Here are some initial impressions on my recent acquisitions. This is the first time I used Amazon’s Marketplace Sellers (for all but the Gourds)–it worked out great.
Family, The Del McCoury Band. I knew I wanted another Del McCoury CD because I had enjoyed his stuff so much on Steve Earle’s The Mountain and McCoury’s Del and the Boys. So, I was looking forward to this arrival and it did not disappoint. I haven’t listened to it enough to know which I like more, but I’ve heard enough to know it will be close. The music is straight bluegrass and it is very, very good. I’m going to have to add the rest of Del’s catalog to my wish list.
Cow Fish Fowl or Pig, The Gourds. This one is the biggest surprise of the group. I’ve heard a couple of Gourds tracks on Spinner and one of my co-workers is a big Gourds fan, but, honestly, I had no idea what to expect. From the first few notes of the opening track, My Name is Jorge, I knew I was in for a treat. I was instantly hooked. The music is a full and rich mix that’s a little hard to describe. I’d say start with an alternacountry base and then mix in some Phish and then sprinkle in a hint of Buckwheat Zydeco and you’d have a good start. Accordian, mandolin, fiddle, upright bass, and a variety of other interesting instruments mix with quirky/intriguing lyrics to give you a CD you won’t want to take out of the changer.
89/93: An Anthology, Uncle Tupelo. I haven’t given this one the listen it deserves. It’s got my favorite tracks from Anodyne, a couple of previously unreleased tracks and a live version of We’ve Been Had. The album’s an easy way to pick up tracks from the UT albums no longer in print, but I think I’ll still wind up getting those used so I can enjoy each album in its entirety. The liner notes have a cool history of the band. Listening to the album reminds me how much I like Farrar and Tweedy.

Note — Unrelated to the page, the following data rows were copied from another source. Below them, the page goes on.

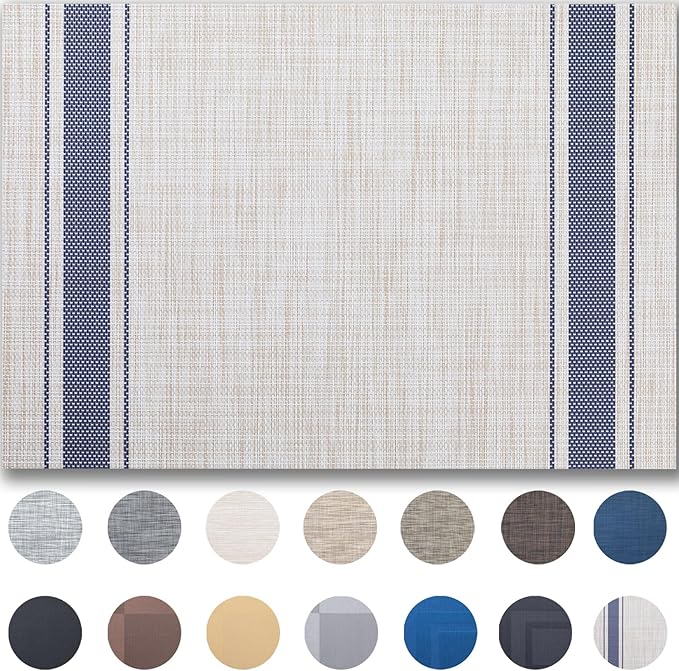 Placemats Set of 8 - Easy Clean Woven Vinyl Placemats for Dining Table, Indoor/Outdoor Place Mats, Washable PVC Table Mats（Blue Skyline）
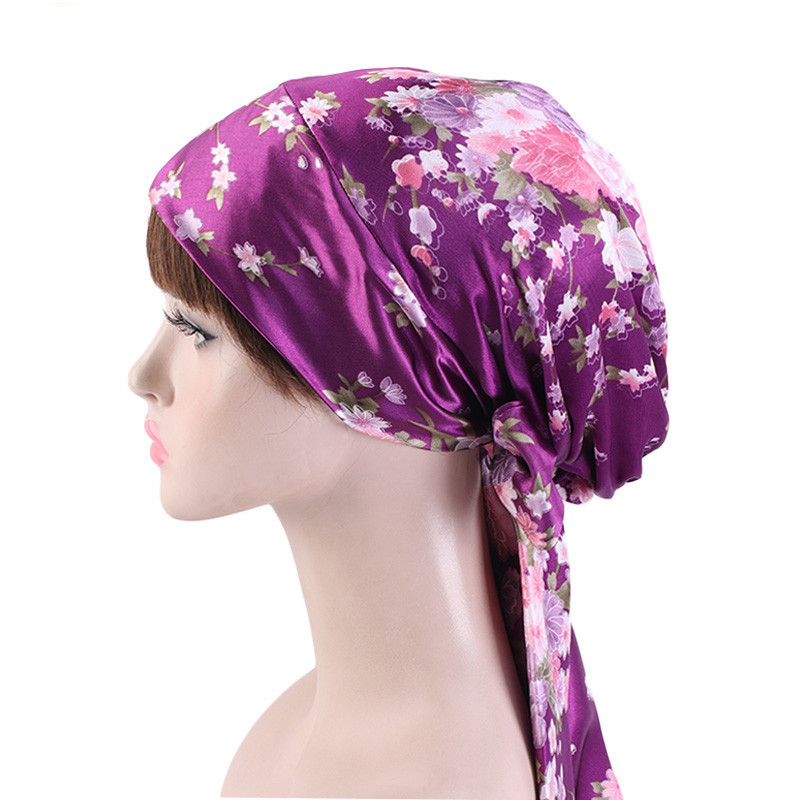 Women Silk Satin Night Sleepin - Hair Care Long Hair ulasan dan harga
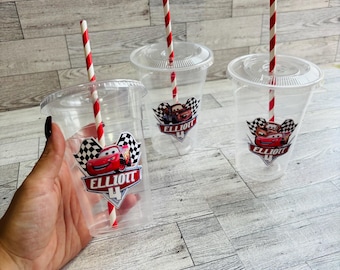 Vasos para fiesta de cumpleaños de Cars: Decoración personalizada de Rayo McQueen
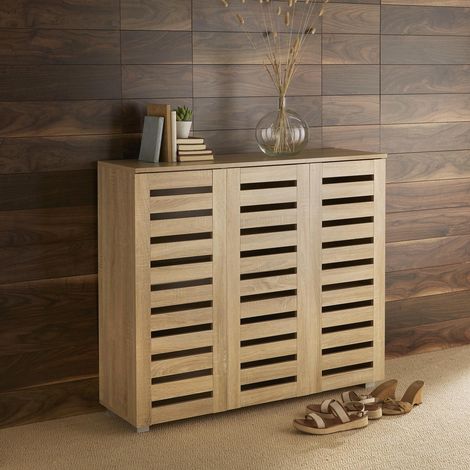 Oslo 3 Door Oak Wooden Shoe Storage Cabinet Rack Stand Cupboard Slatted Doors (1/5)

Dog Days, Blue Mountain. A bit of an impulse buy. Amazon had recommended it a few years ago based on prior purchases but I skipped it at the time. I like it. It’s a mix of songs that vary between alternative country and those that are very bluesy. Some of the songs sort of remind me a bit of Whiskeytown.
Young Criminals’ Starvation League, Bobby Bare, Jr. Another pleasant surprise. I like the vocals–Bobby’s raspy voice is reminiscent of Paul Westerberg. On first listen, the album struck me as new and different–not your straight alternative country, although there are tracks with plenty of harmonica and steel guitar. For example, a couple of the tracks feature a horn section. Overall, another solid pick.
World Without Tears, Lucinda Williams. Car Wheels on a Gravel Road was and still is my favorite Lucinda Williams album. That’s because most of my CD listening is in my car and that’s just a quintessential road album. When Essence came out, it struck me as extremely mellow–much too mellow for driving–but still a good album. This one feels like it is somewhere in the middle. It’s got a good mix of slow, quiet songs and out-and-out rockers. Moreso on this album than others of hers I own, this one conveys a serious amount of pain and anger expressed plainly/bluntly through her lyrics. Lucinda has never been one to mince words, but this one feels particularly raw. It works.